Year of defence: 2023
Abstract
This thesis applies to the context of the aeronautical industry. It is conducted in the context of two projects. The first is Robotics For the Future of Aircraft Manufacturing (ROB4FAM). It is a joint laboratory between Airbus Operations and the Gepetto team of LAAS-CNRS. It aims to study the reactive generation of robotic motion for drilling and deburring tasks for the aeronautical industry. The second is the European project H2020 Memory of Motion (Memmo), coordinated by the Gepetto team and in which Airbus Operations is also implied. This project has as objective to develop methods to generate reactive and complex movements independantly of the robot architecture. It is based on and extended perception of the environment and a preliminary learning of possible robot motions. Historically, the Gepetto team works on humanoids robots because they present a scientific challenge that requires to develop new concepts.
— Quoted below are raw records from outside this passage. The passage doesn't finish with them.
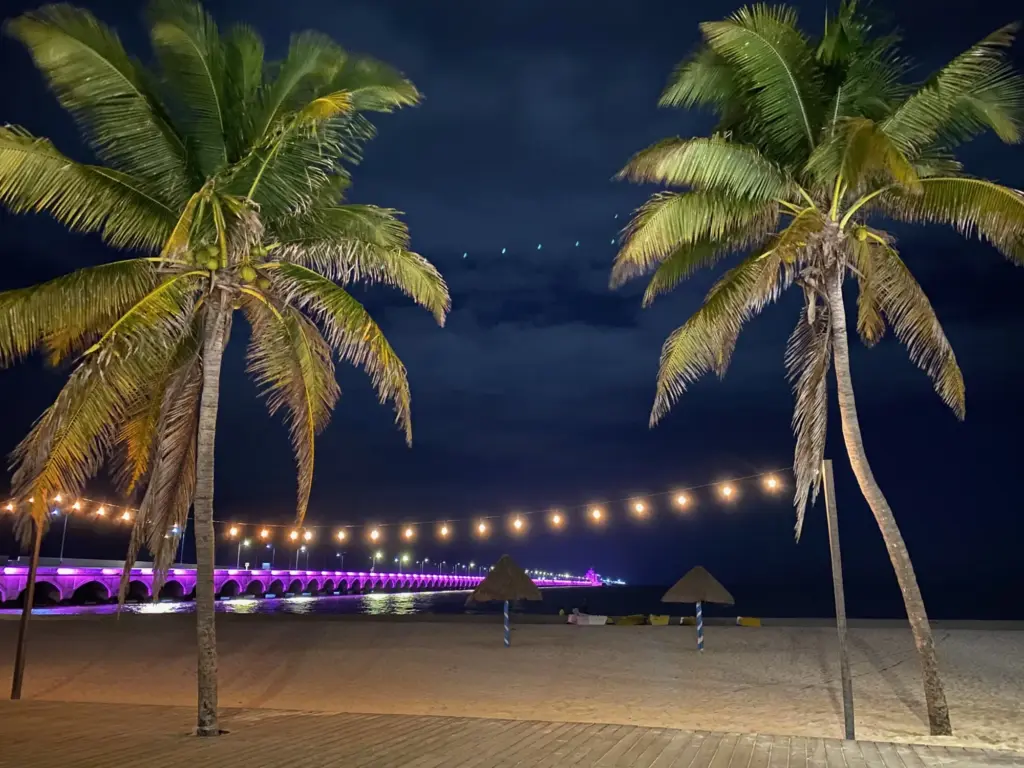 La spiaggia di Progreso di sera, con il molo illuminato, novembre 2021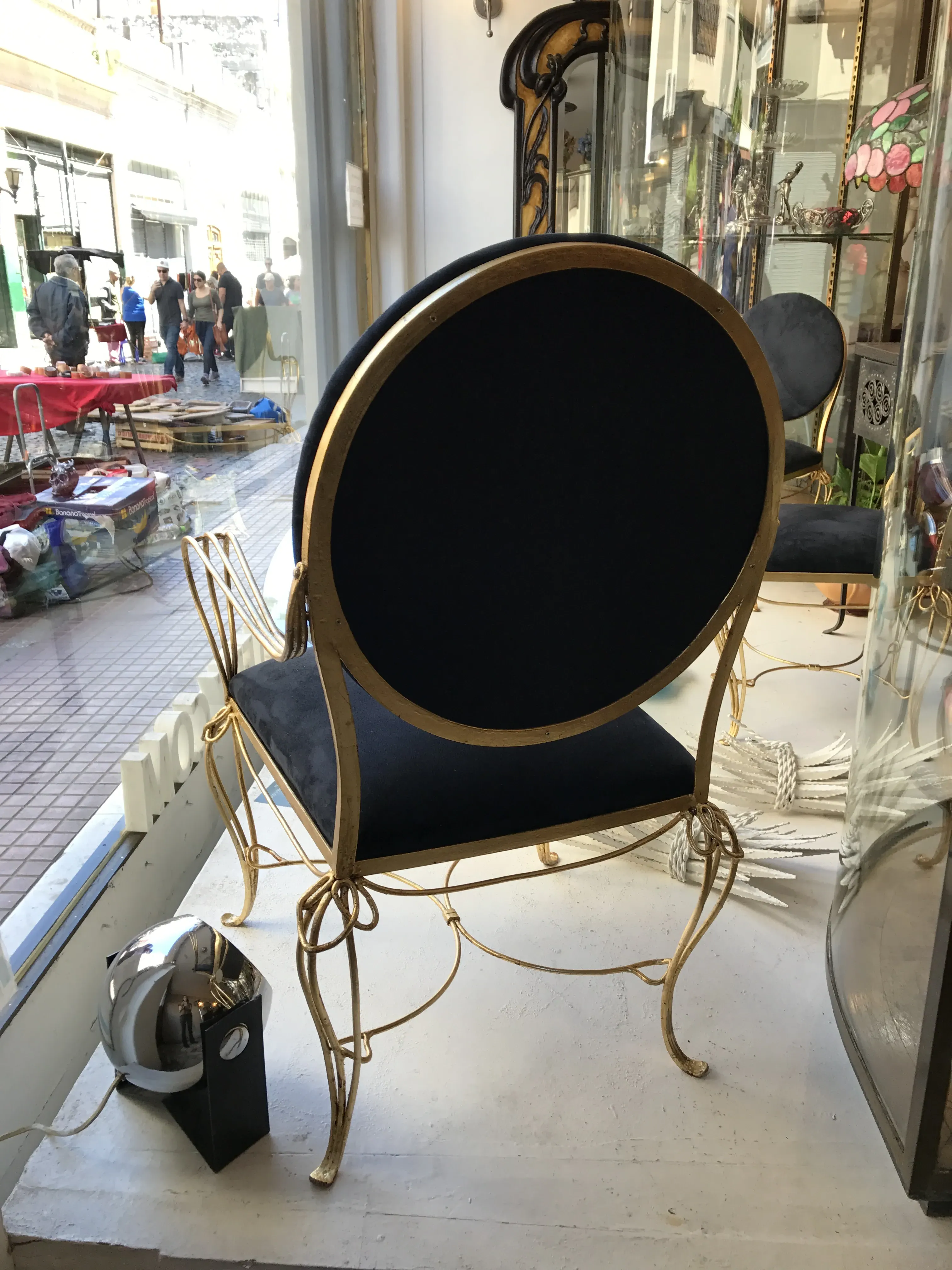 Table à manger ancienne, pour 6 personnes, design art nouveau, détails élégants, vue latérale d'un magasin.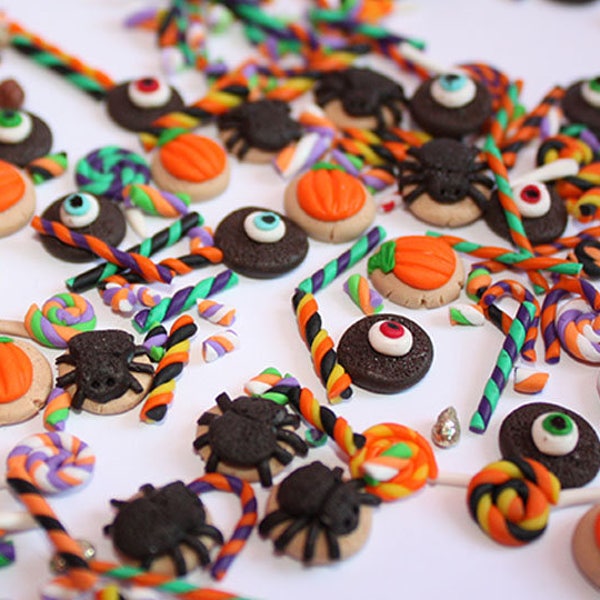 MINIATURE HALLOWEEN LOT of 30 random pieces of cookies, candy, marshmallows, sweets for cupcakes dollhouse miniature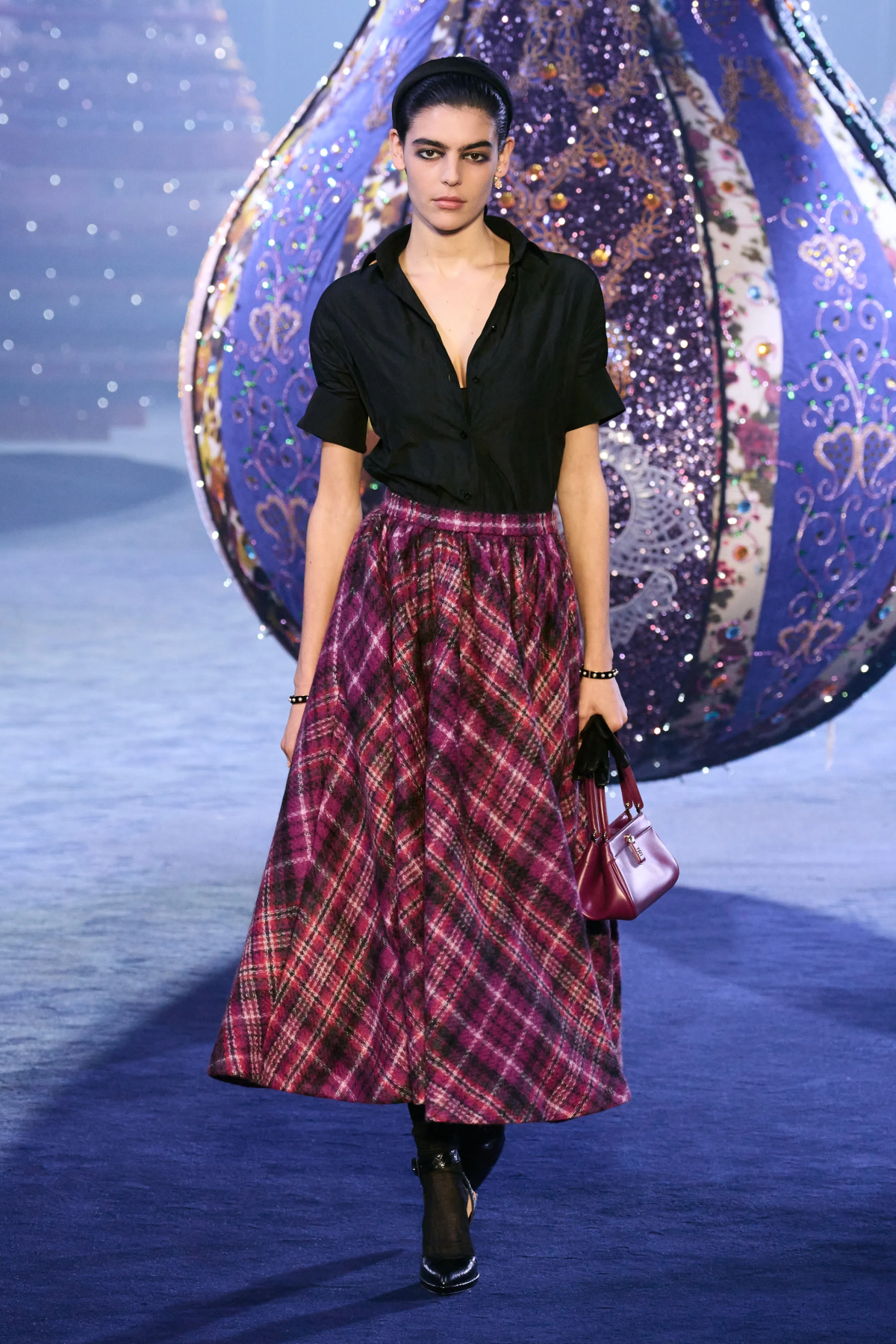 Galleria foto 'La moda torna sui banchi di scuola' - foto 4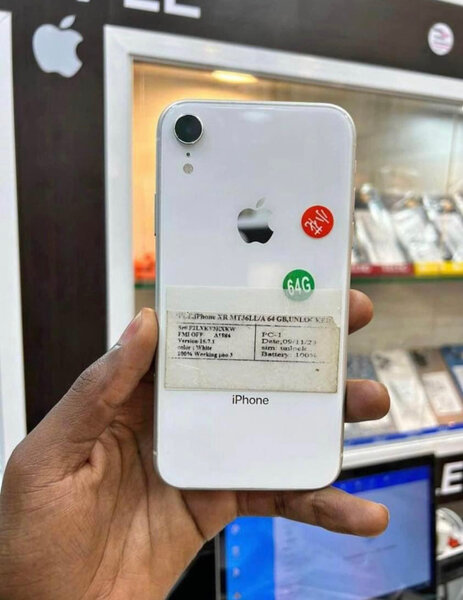 iPhone XR 64GB Blanc Débloqué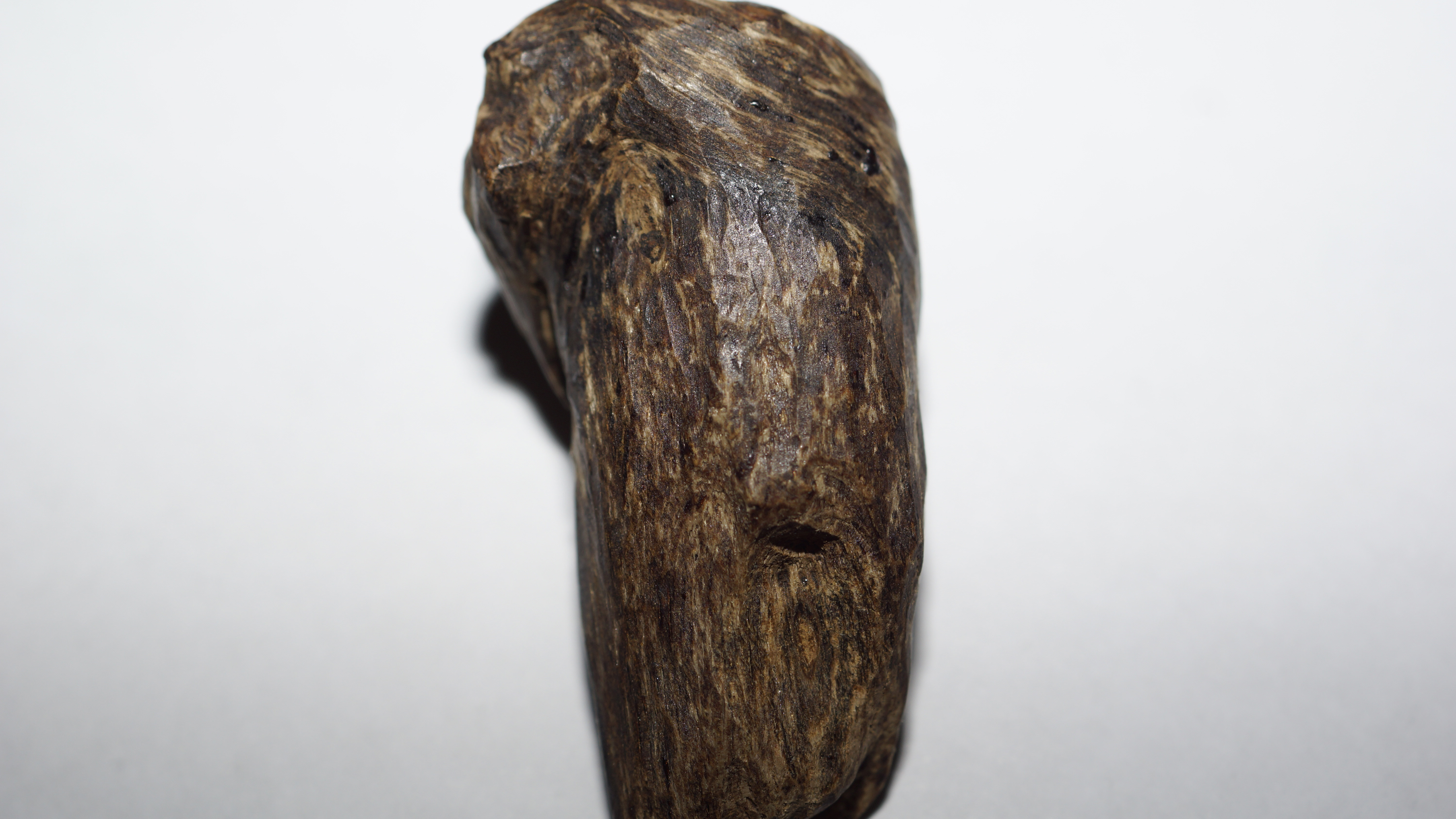 [Ouddict.com] Oud Wood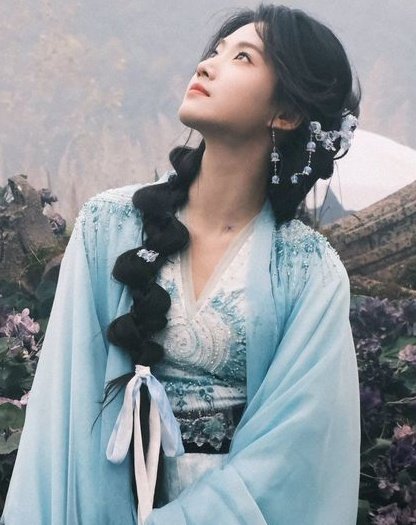 ivexnes's tweet photo. fairy mingyi hairstyle will forever be iconic! https://t.co/aTDR9679va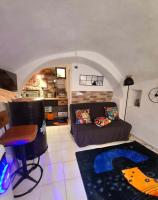 Tiny studio, rustic style, historic center - Chambres d'hôtes Sanremo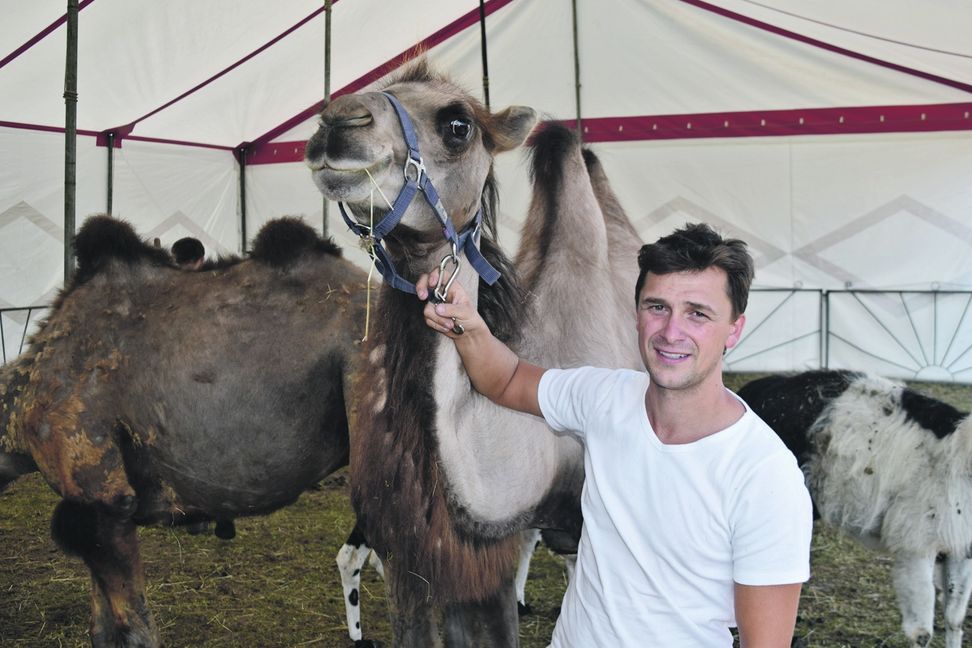 Zirkusdirektor Rudolf Renz tritt gemeinsam mit dem Kamel „Kahn“ auf. Bild: Krauter
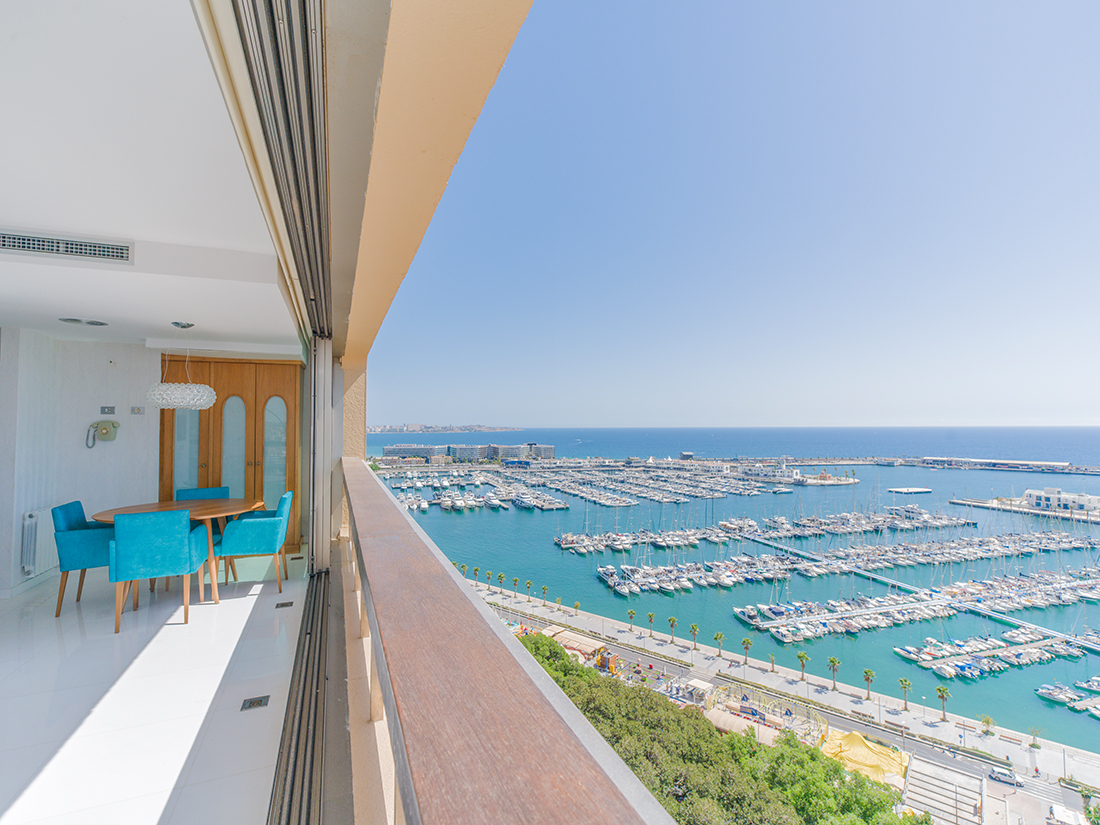 Modern Beauty with Wonderful Dreamlike Views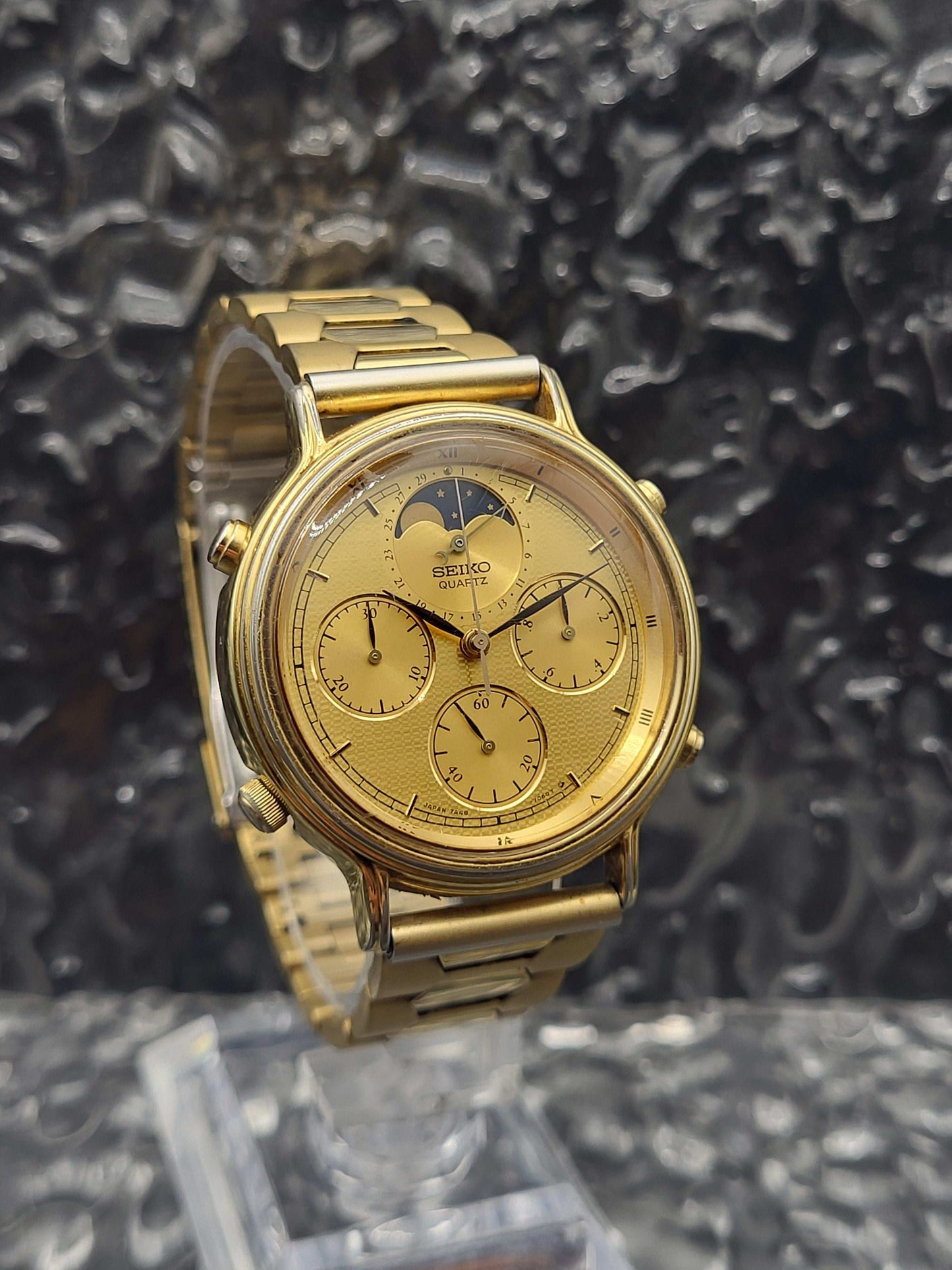 Seiko Moonphase Chronograph - Ref. 7A48-702A - Quartz - Goudkleurig - Red Robin Watches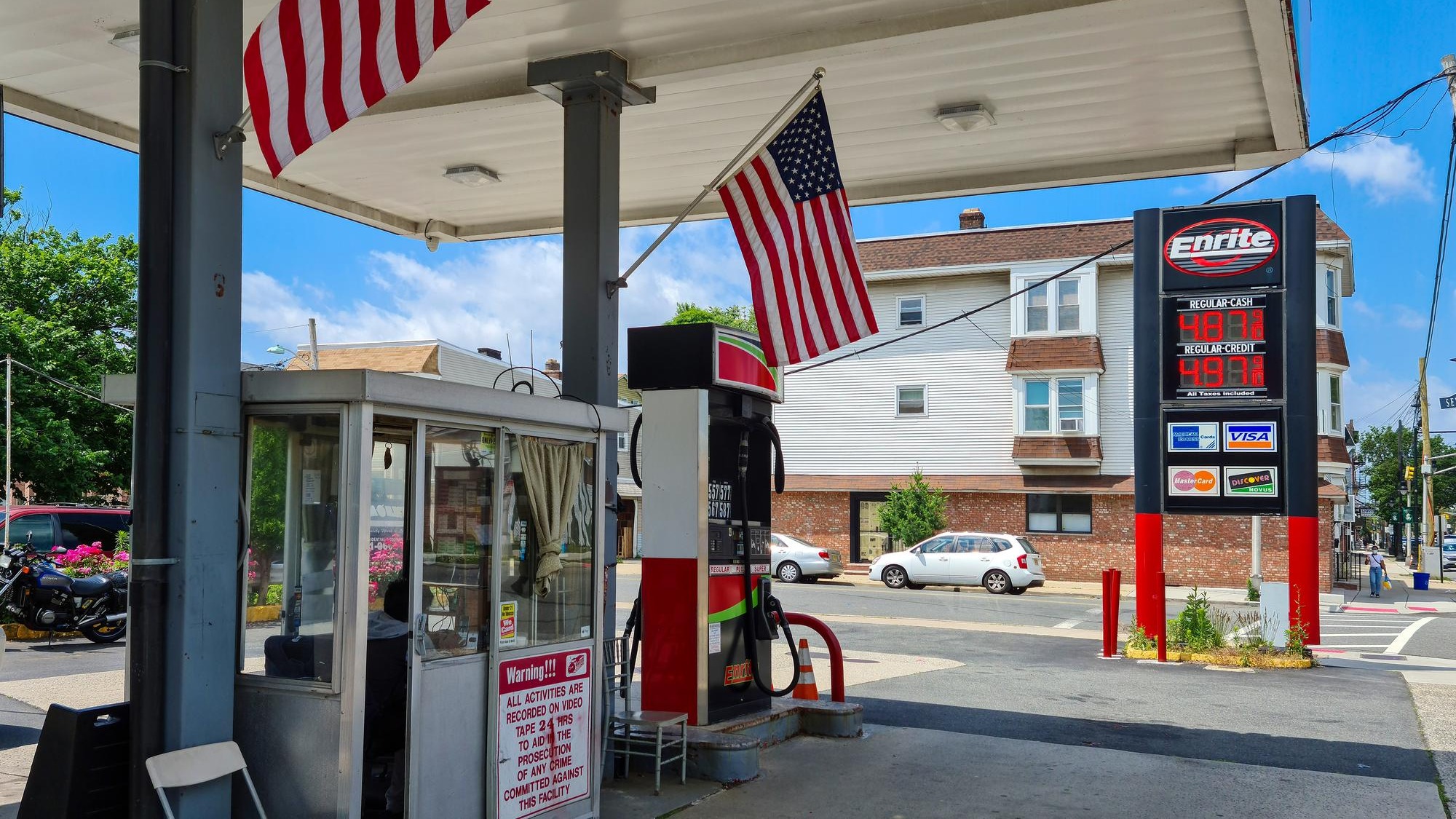 Newark New Jersey United States June 17 2022 Panel with fuel prices high prices of oil products because of the war in Ukraine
The perception of the environment can be broken down into four main areas: knowing where our tools are, knowing where we are, knowing where we are going and knowing where we are going. This thesis aims to study the solutions that can be integrated into a humanoid robot in order to solve the problems mentioned above. This work is based on the humanoid robot Talos to perceive the environment using data from its LiDAR. It first shows that it is possible to accurately estimate the position of the robot in its environment. This is achieved by using LiDAR data and by integrating a system developed by the University of Oxford and provided as part of the Memmo project. Secondly, the localisation of large objects at long distances, as found in the aeronautical industry, is studied. This localisation is looked at using 3D data and geometric descriptors like the Fast Point Feature Histogram. This study is extended to neural networks trained to localise objects carrying little textual information through the use of state-of-the-art methods. In addition, the solution of the kidnapped robot problem is explored using LiDAR information, geometric descriptors and a dictionary mechanism. This problem consists of recognising the surrounding environment at the initialization of the robot localization. Finally, a ground plane detection system is integrated to allow the robot to plan its steps online.